I remember when I was a kid. December 23rd, always. That was the day, never fail, that we would cap off our fall semester, for TWO WHOLE WEEKS until the middle of the first week of January, when I’d return, with the other rugrats, to the doldrums of the classroom.
Now, we weren’t rich, weren’t upper-middle-class, just hard working folk that had enough to cover what we needed and then just a little bit more. I never had the latest, most expensive toys that come from the time-honored tradition of Parents Gone Wild on Black Friday that carries over to this new generation. No, I say, my parents went not for the latest fad for me, but in the unique and interesting thing that none of the other kids had.
On Christmas Day, I sat giddy, surrounded by what was always the coolest collection of childhood curiosities, and, aside from playing with them, I couldn’t wait to show the toys off to my friends.

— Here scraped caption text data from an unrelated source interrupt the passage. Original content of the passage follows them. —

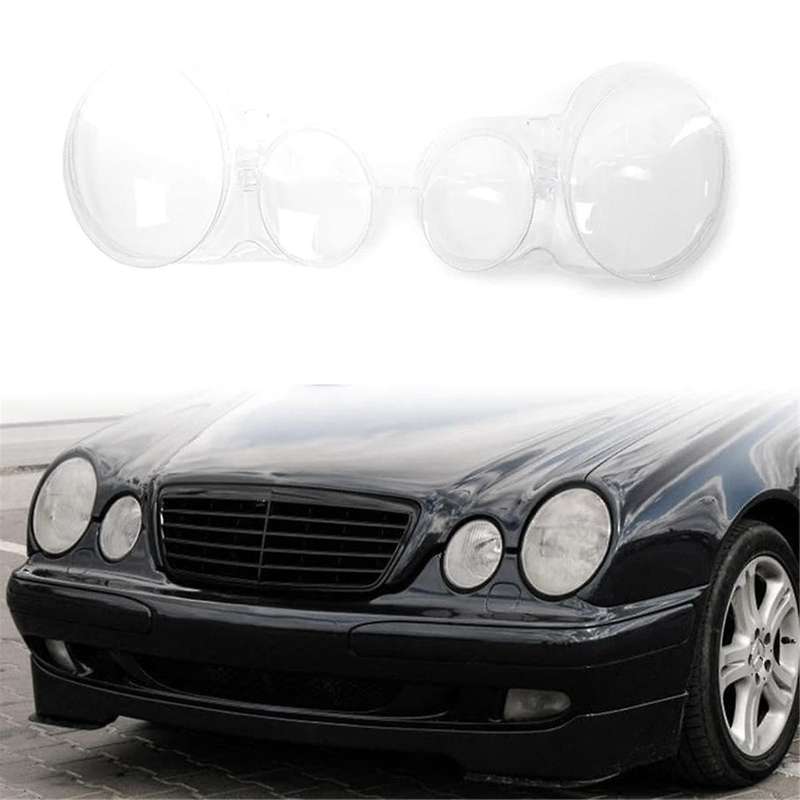 1Pair Car Headlight Lamp Mask Cover Lens A2108205061 A2108204961 for W210 E200 E240 E260 E280 99-03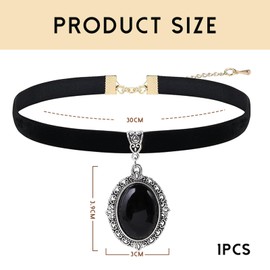 Moguri® Gothic Vintage Victorian Choker Necklace, Choker Necklace, Black Velvet, Gothic Vintage Jewellery Gift for Girls, Mother, Friends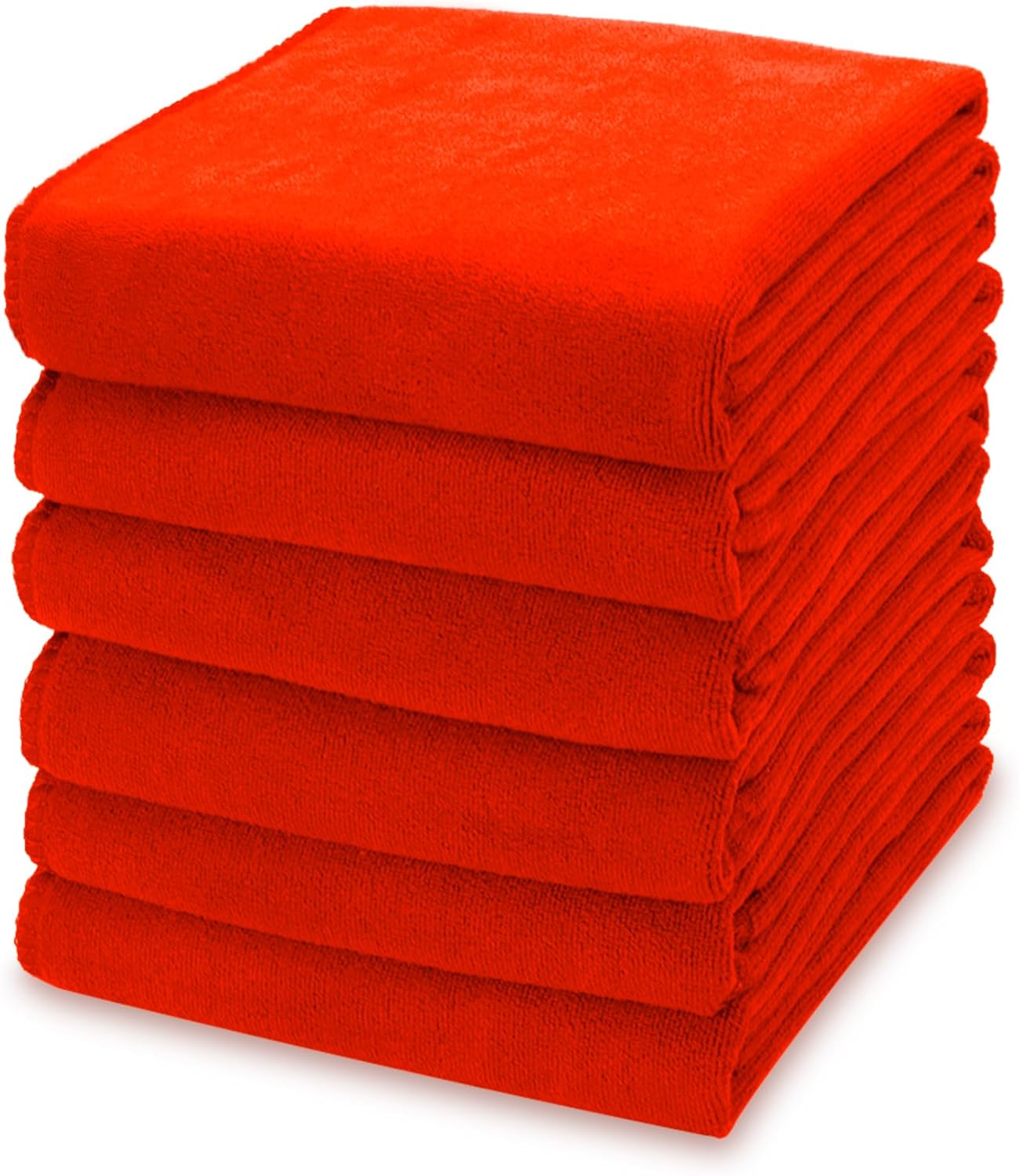 kimteny 13x28 Inches Kitchen Cloth Dish Towels, 400 GSM Premium Dishcloths, Super Absorbent Coral Velvet Microfiber Cleaning Cloths, Fast Drying Rags for Washing Dishes (6 Pack, Red)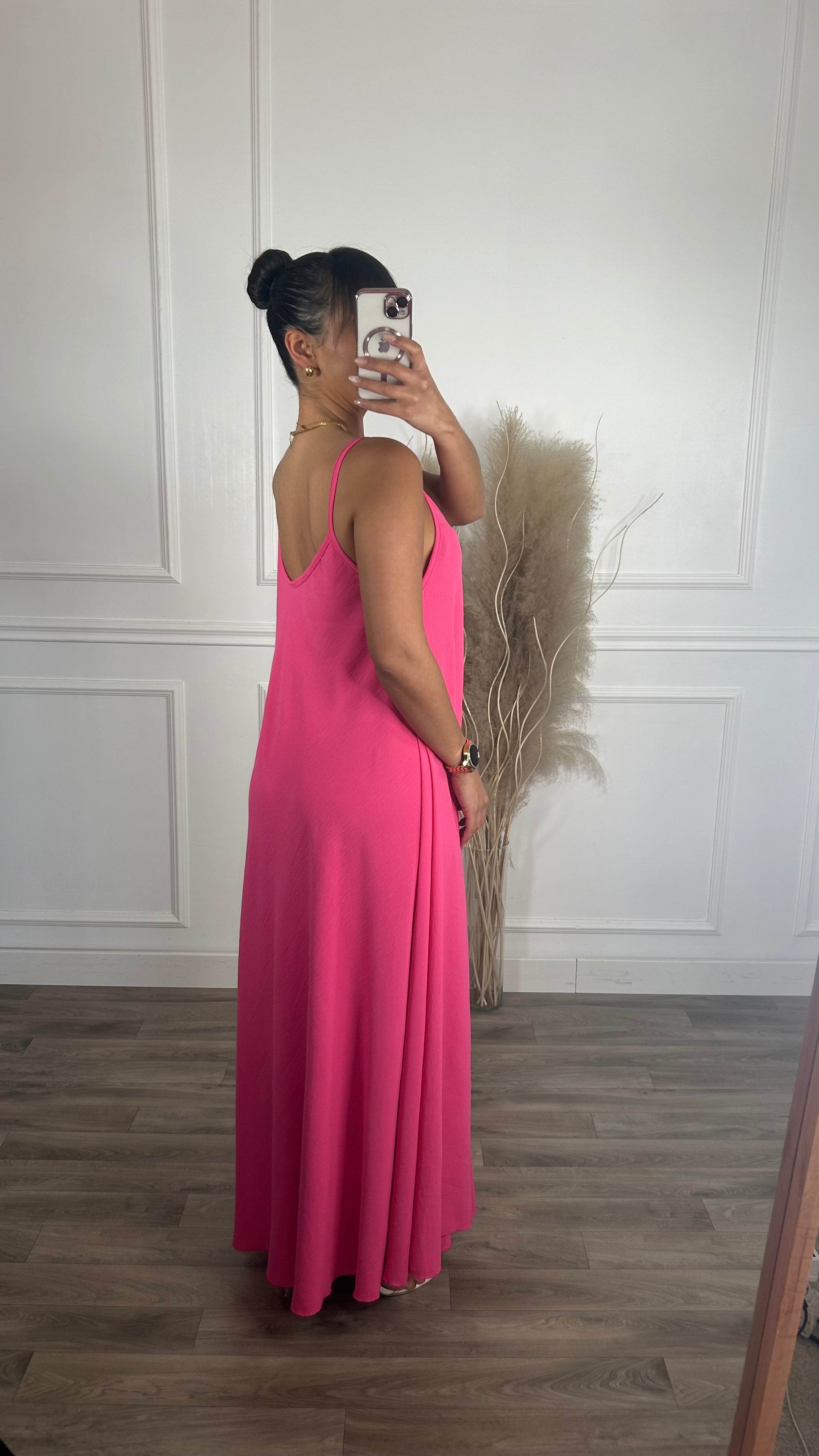 Vestido oversize de alças Rosa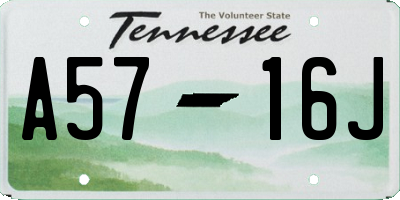 TN license plate A5716J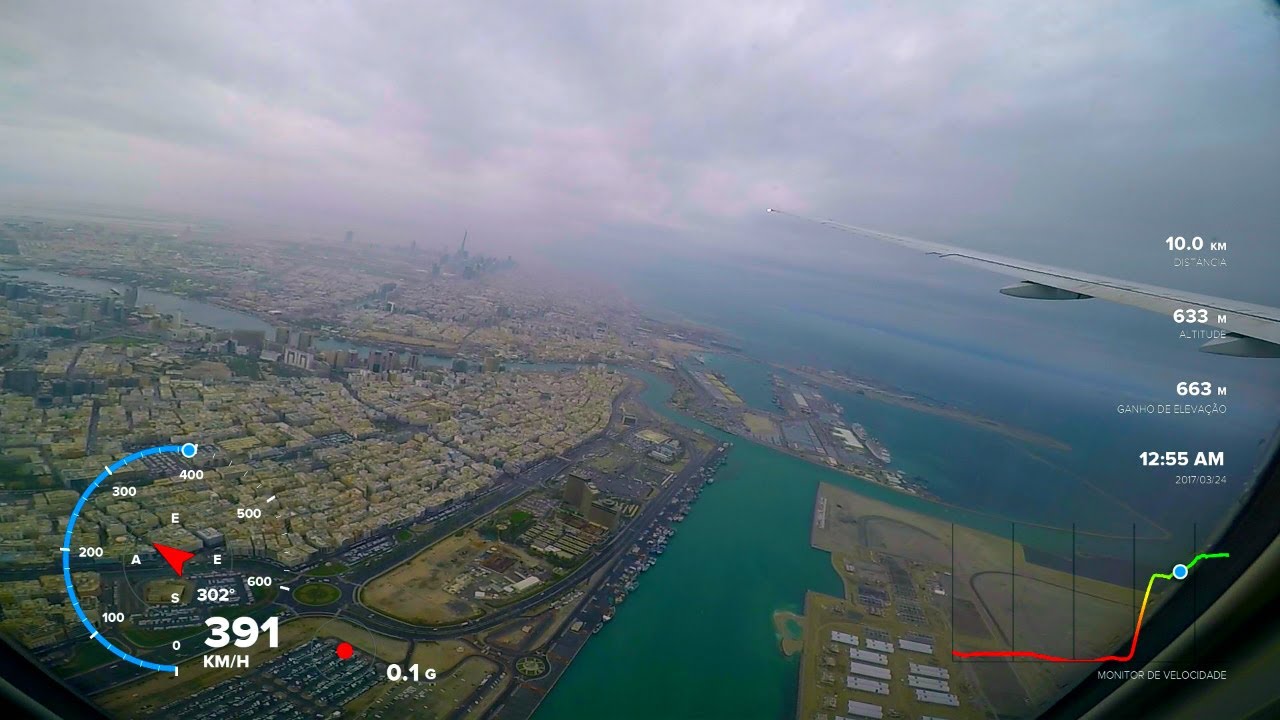 Flight Emirates EK247 - Takeoff Dubai / Rio de Janeiro - Gopro Hero 5 Telemetry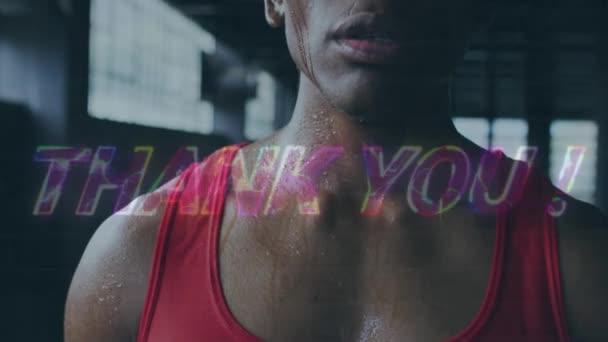 Animation Thank You Text African American Sportsman Στο Γυμναστήριο Παγκόσμιος — Αρχείο Βίντεο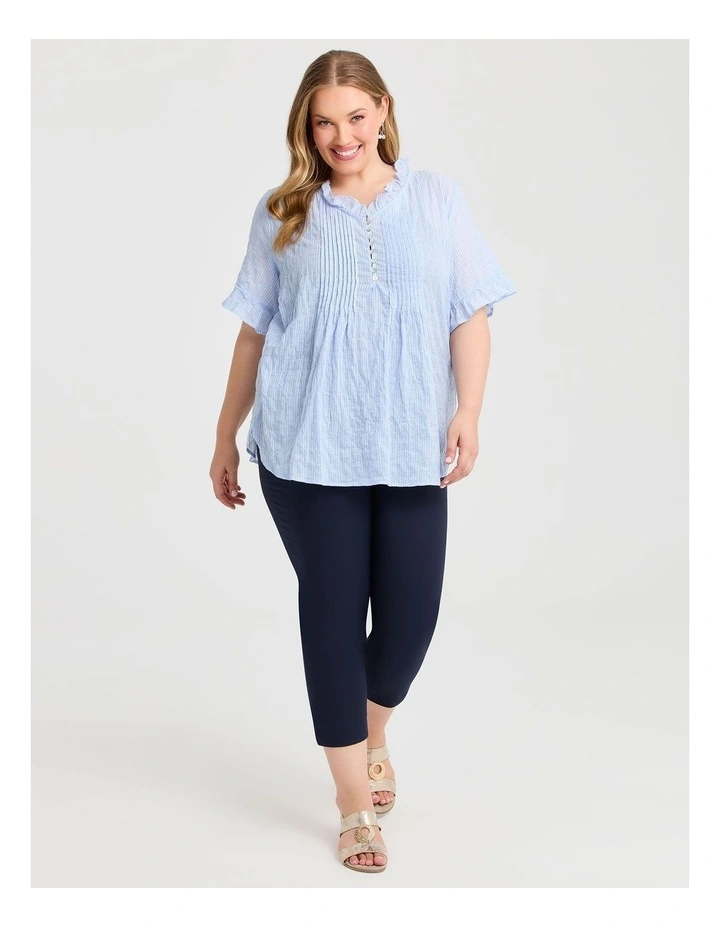 Natural Pleat Detail Top in Blue/White image 3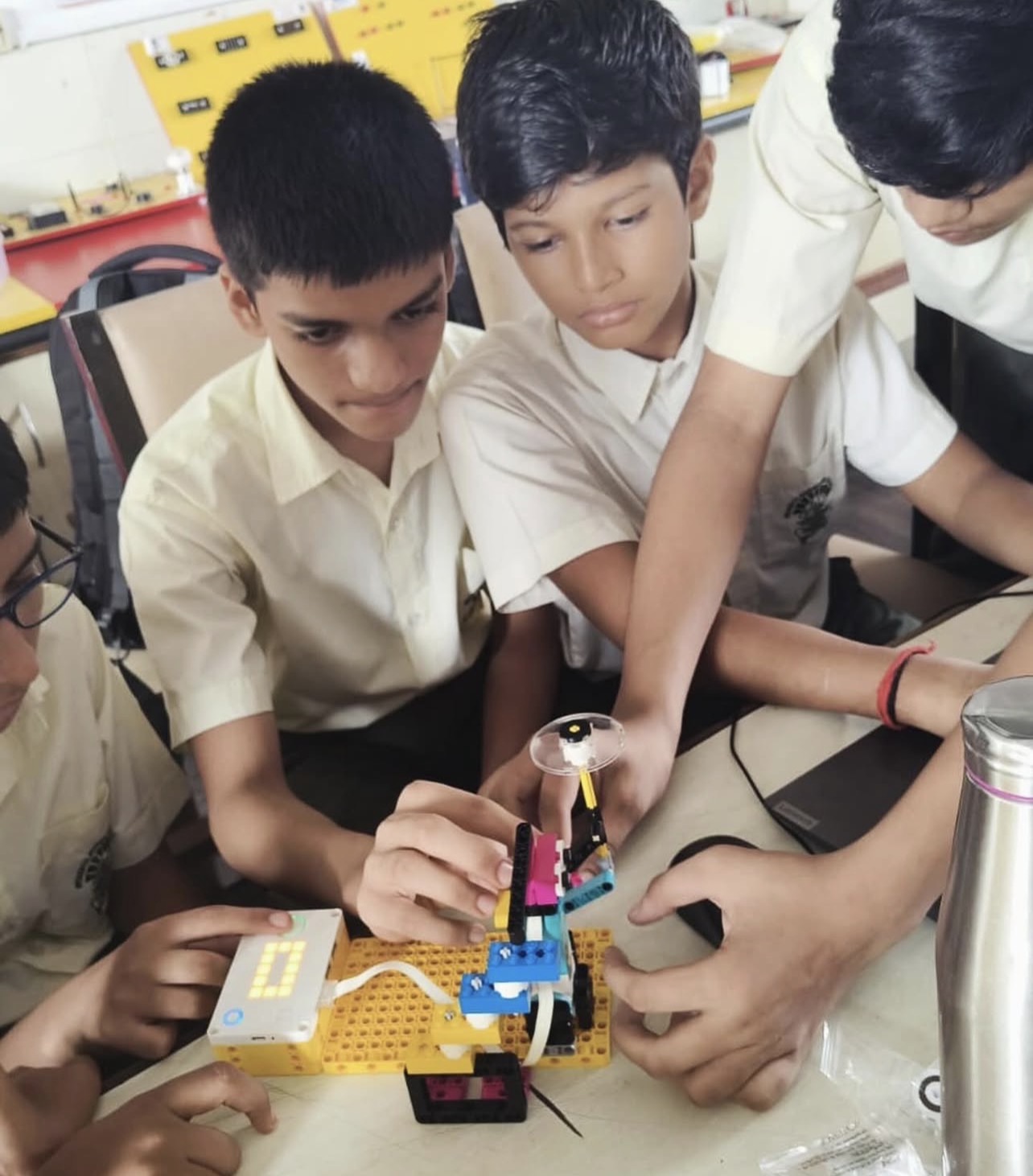 Teaching at Pragnya Bodhini High School in India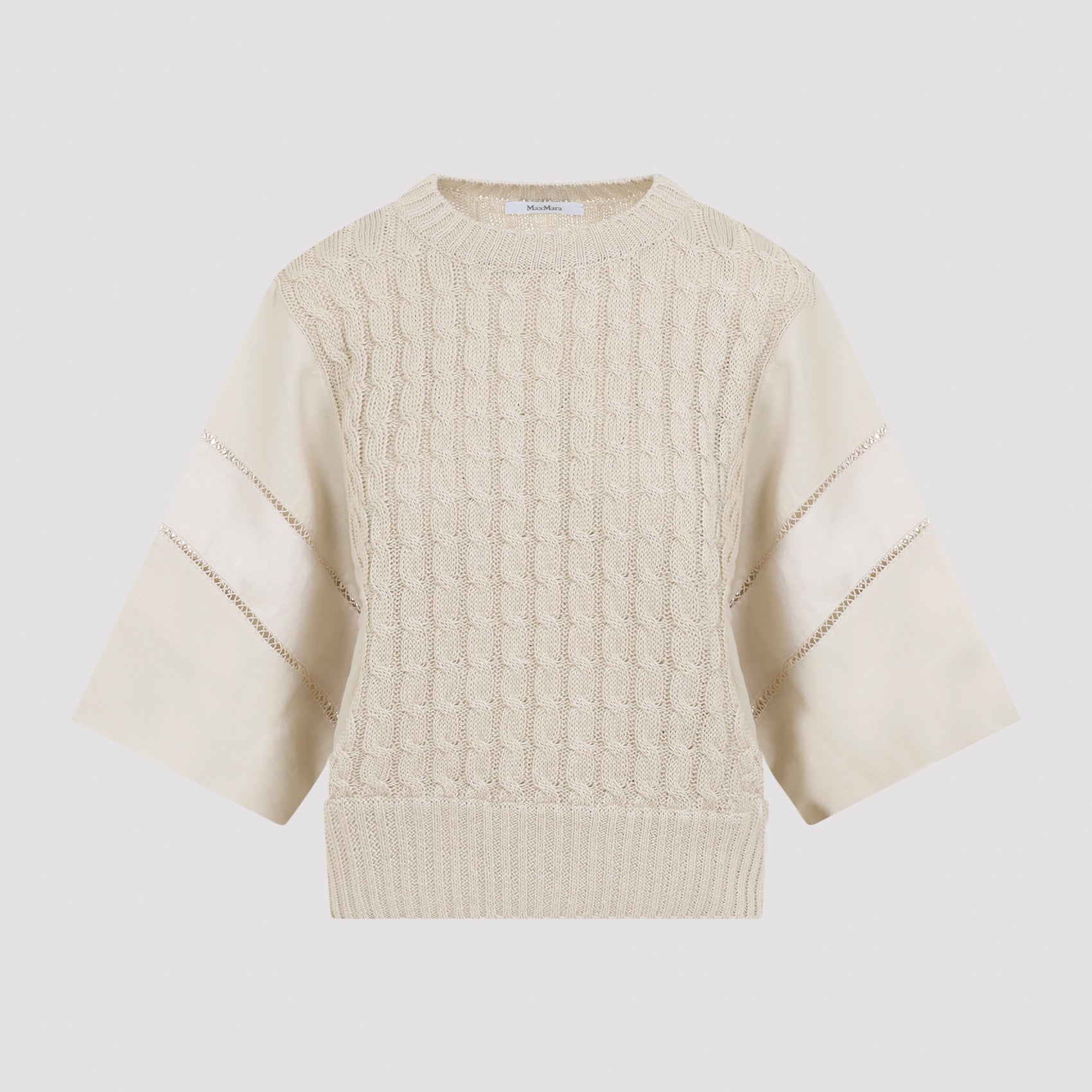 Scatola Cable Linen Sweater Nude & Neutrals
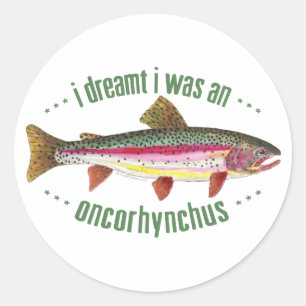 Sticker Rond Conception humoristique de truite arc-en-ciel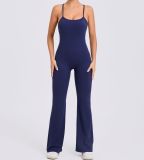SC Solid Color Backless Sport Yoga Jumpsuit GQSA-44081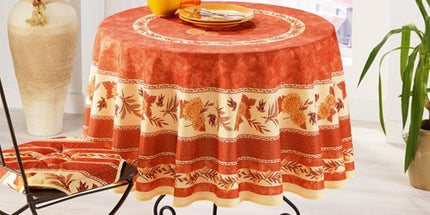 Nappe ronde Abeille brique 1m80 anti tache infroissable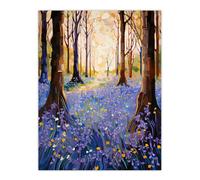 Artery8 Majestic Bluebells In Spring Wood Carpet Of Purple Flowers Unframed Wall Art Print Poster Home Decor Premium | Size: W12" x H16" Artery8 Multicolor W12" x H16"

Of course, we lived on the wrong side of the tracks (not really, but we were separated from our village and lived on its edge.) So I had to wait. All of this magic under the tree, and I was forced, through circumstance, to sit on my hands.
This is short story writing. You spend days in anticipation, and, like my parents, try to find that unique thing, pouring your heart through your mind through your fingers to a page or screen and at some point, you’ve created something that you want to show to everyone you see. But you can’t. It’s not like you’ll ruin it, or spoil it. It’s just that–and this is lesson #1 in being a writer–people have limited amounts of time. Someone who reads every story you write as soon as you write them is a rare treasure. 90% of your friends will read it. 10% of those people will actually read it, and 10% of those people might get back to you the next time they see you. Don’t hate the players; life’s hectic.
Mostly, people, if they read it, will read it when it’s published somewhere. And getting a story published takes time. You have to pick a spot, lookout for open submissions, etc.–even a good writer has to sit on their hands for a while.
So, moral of the story: if you see a writer who looks like they just landed a half-court shot, but no one saw it, they probably just finished a kickass short story.